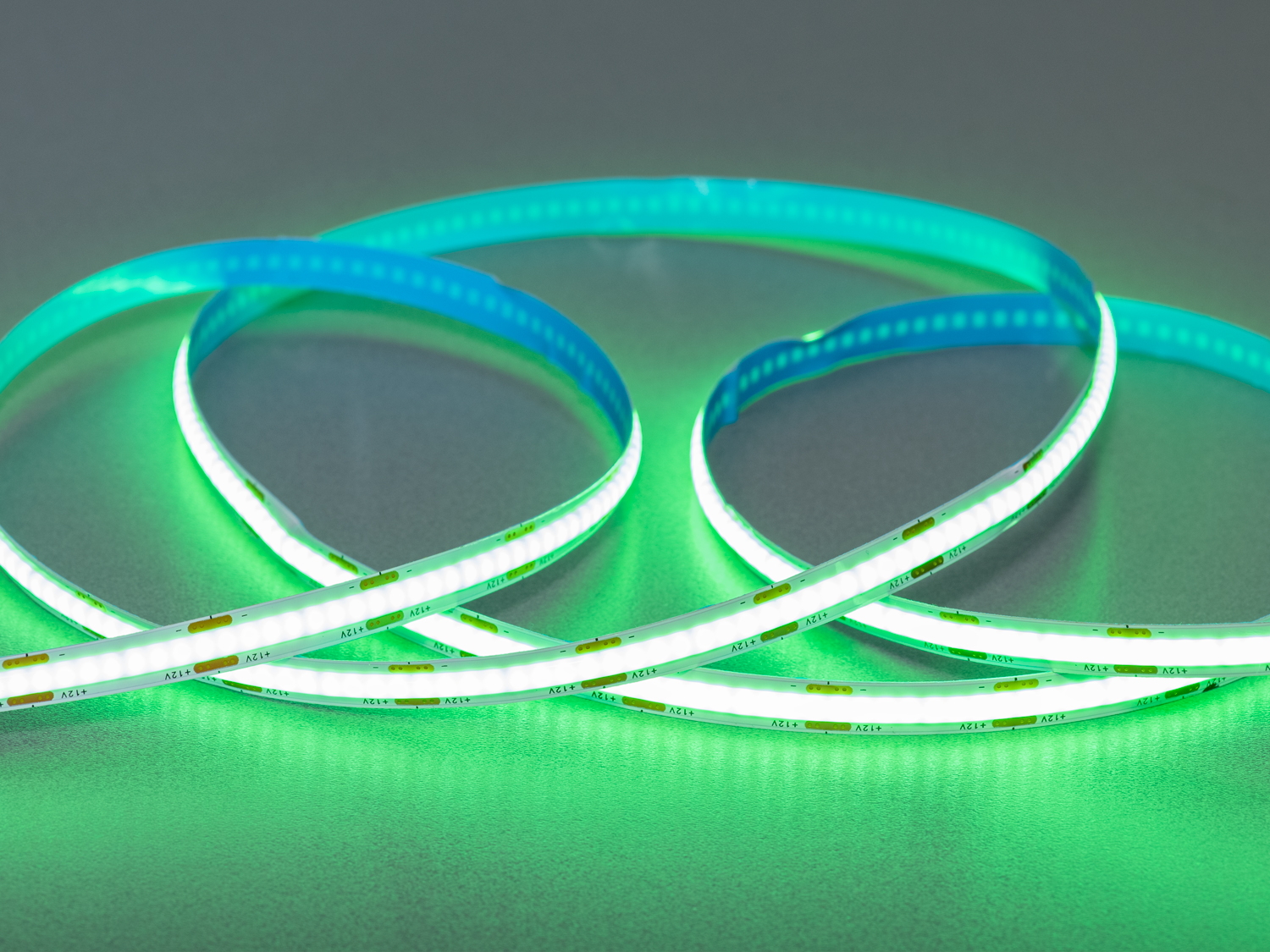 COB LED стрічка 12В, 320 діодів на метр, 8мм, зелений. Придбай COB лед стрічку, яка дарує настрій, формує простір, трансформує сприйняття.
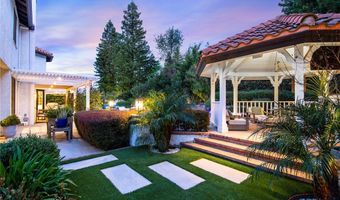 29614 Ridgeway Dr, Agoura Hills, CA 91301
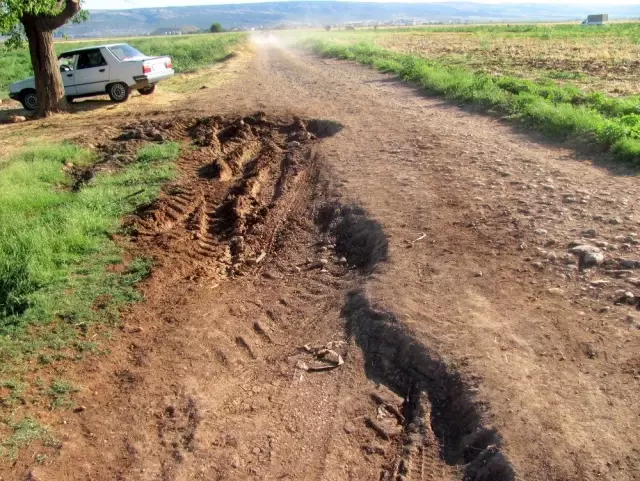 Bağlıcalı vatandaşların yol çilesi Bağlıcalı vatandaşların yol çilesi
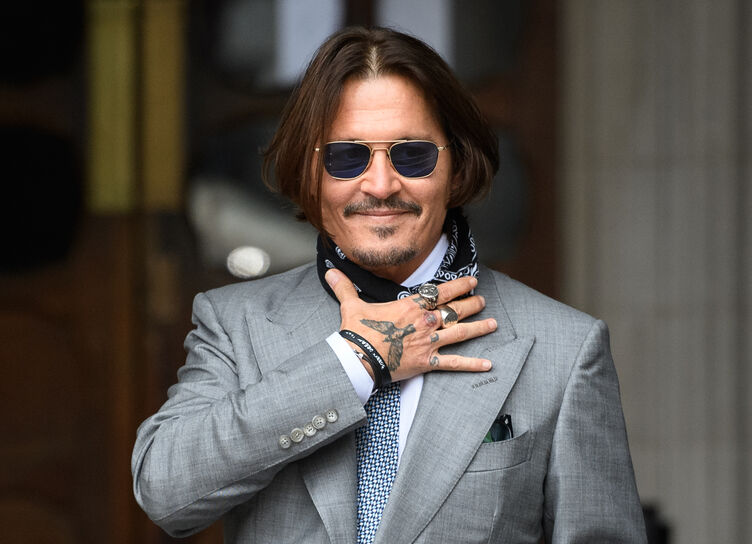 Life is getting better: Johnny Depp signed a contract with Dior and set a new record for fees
● ● ● ●
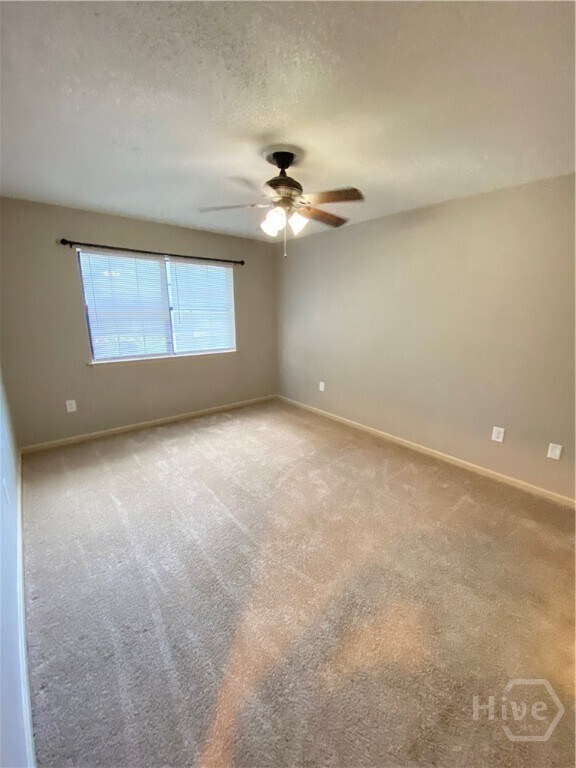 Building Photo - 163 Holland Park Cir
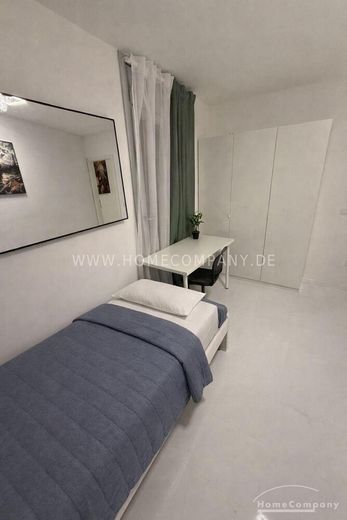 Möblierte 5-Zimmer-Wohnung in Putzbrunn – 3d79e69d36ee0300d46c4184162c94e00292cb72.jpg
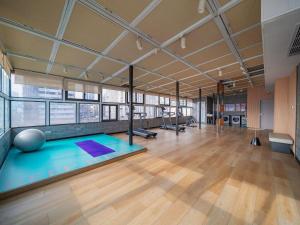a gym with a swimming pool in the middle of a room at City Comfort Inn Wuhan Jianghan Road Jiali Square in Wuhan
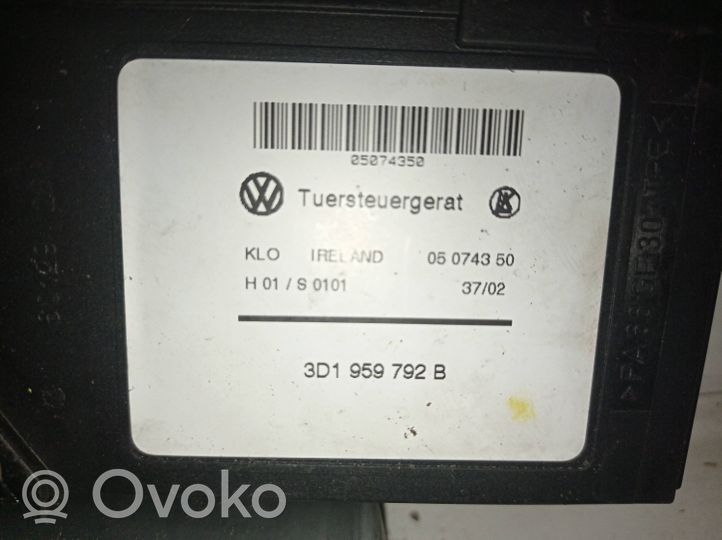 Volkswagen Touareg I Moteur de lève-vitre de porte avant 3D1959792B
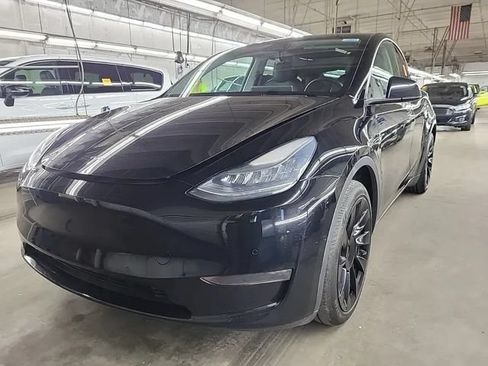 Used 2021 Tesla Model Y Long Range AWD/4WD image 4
● ● ● ●
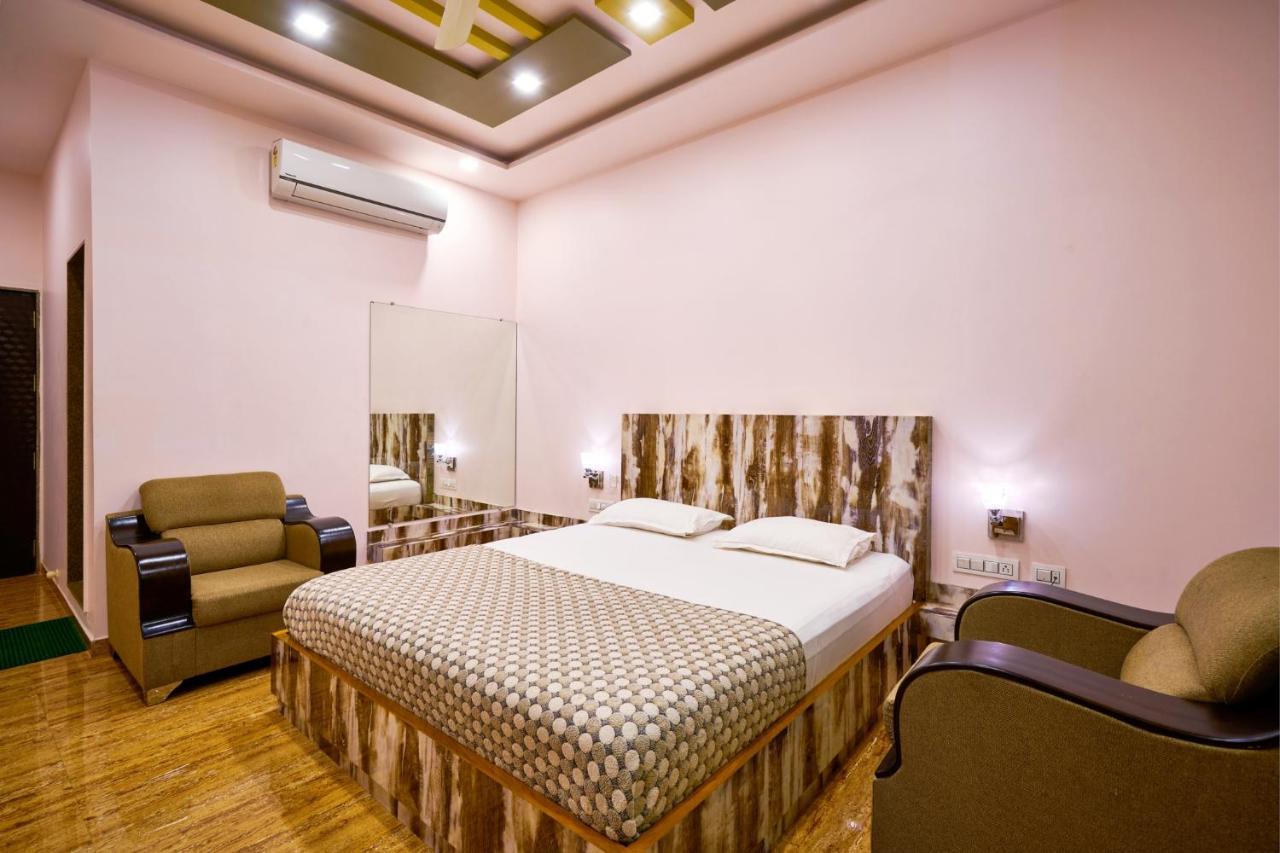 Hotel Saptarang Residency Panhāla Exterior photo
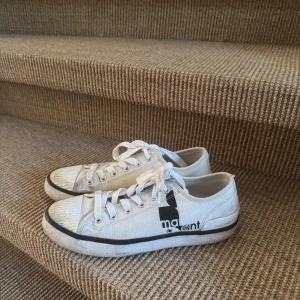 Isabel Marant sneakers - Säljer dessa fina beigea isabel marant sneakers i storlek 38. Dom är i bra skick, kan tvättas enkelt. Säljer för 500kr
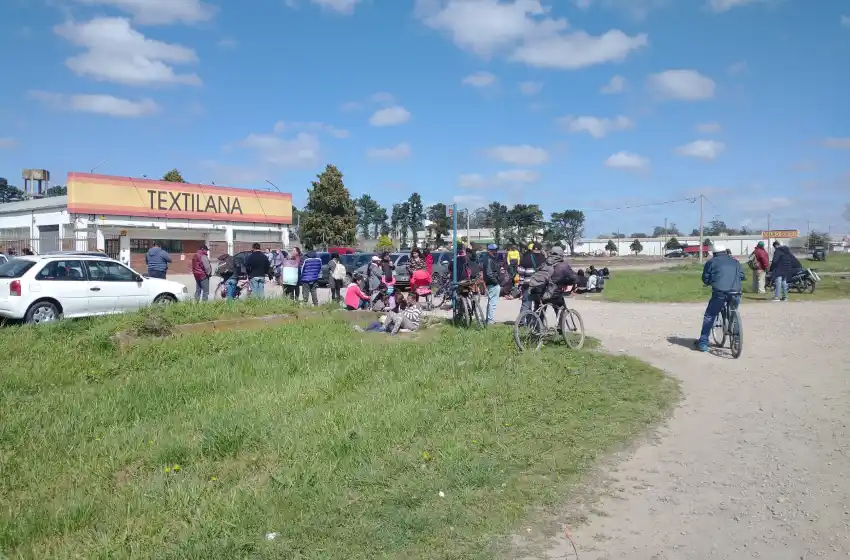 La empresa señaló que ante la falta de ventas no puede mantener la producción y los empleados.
● ● ● ●
EXERCISE GOAL: Copy exactly, without pictures, the lines above from the one with "Bağlıcalı vatandaşların yol çilesi Bağlıcalı" down to the one with "Life is getting", inclusive.

YOUR SOLUTION:
 Bağlıcalı vatandaşların yol çilesi Bağlıcalı vatandaşların yol çilesi
 Life is getting better: Johnny Depp signed a contract with Dior and set a new record for fees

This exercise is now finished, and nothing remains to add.